B. Replika ‘batu liontin’         

            ‘Karya film Titanic mengisahkan fenomena Interaksional tentang komunikasi manusia sbb: mengisahkan bagaimana seorang perempuan mencintai. Cintanya seolah melekat ada pada batu liontin pemberian Sang Kekasihnya sambil declare I Love You, yang ketika itu disaksikan mayat-mayat yang berserakan di sekeliling kapal tenggelam di tengah lautan lepas. Sang kekasihnya kini telah tiada, setelah semalam berjuang keras untuk hidup melawan hempasan air laut yang dingin. Perempuan cantik itu tahu dengan jelas, bagaimana Sang kekasihnya itu terus berjuang menyelamatkan dirinya dari maut. Perempuan cantik itu selamat dari maut. Ia menjalani kehidupannya kembali di darat secara normal, walau Sang kekasihnya telah tiada.
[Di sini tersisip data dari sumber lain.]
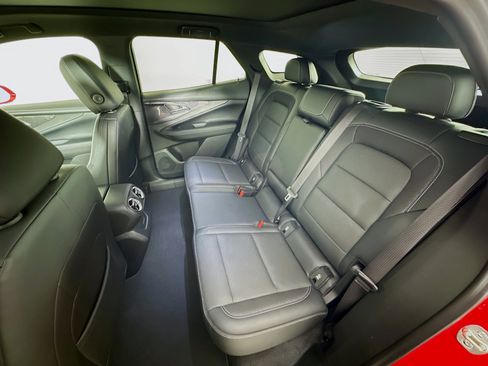 Used 2024 Chevrolet Blazer EV LT image 28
Perempuan cantik itu berkehidupan normal dan memiliki dua orang anak. Kini perempuan cantik itu sudah berusia 90 tahun dan tangannya tampak bergetar dan  berkeriput. Perempuan tua itu membisikkan sesuatu kepada anak perempuannya, tatkala anaknya bertanya kepadanya .... hendak kemana Mama ? Perempuan tua itu menjawab, engkau belum tahu, bagaimana cinta seorang perempuan. Perempuan tua itu lalu menuju ke pantai hendak menjumpai Sang Kekasihnya. Perempuan tua itu tetap setia memegang erat dan memperhatikan sudut demi sudut batu liontin pemberian Kekasihnya diiringi air mata yang tiada henti.  Perempuan tua itu tetap berdiri dan terus memandangi lautan lepas seakan hadir di hadapan Sang Kekasih. Mama, begitu sapa anaknya dengan penuh rasa hormat ....., kita sudah dua jam berada di tepi pantai, mari kita pulang ......, kata anaknya sambil mendekapnya. Badan orang tua itu terasa dingin sekali dan bergetar, namun tetap tegar’.            

Dari kasus ini coba kita perhatikan dengan cermat, bahwa batu  liontin dan declare I Love You tetap hidup bersemi dalam diri perempuan tua 90 tahun, walau tanpa kehadiran sang kekasihnya. Ketidakhadiran sang kekasih dipandang sebagai kehadiran.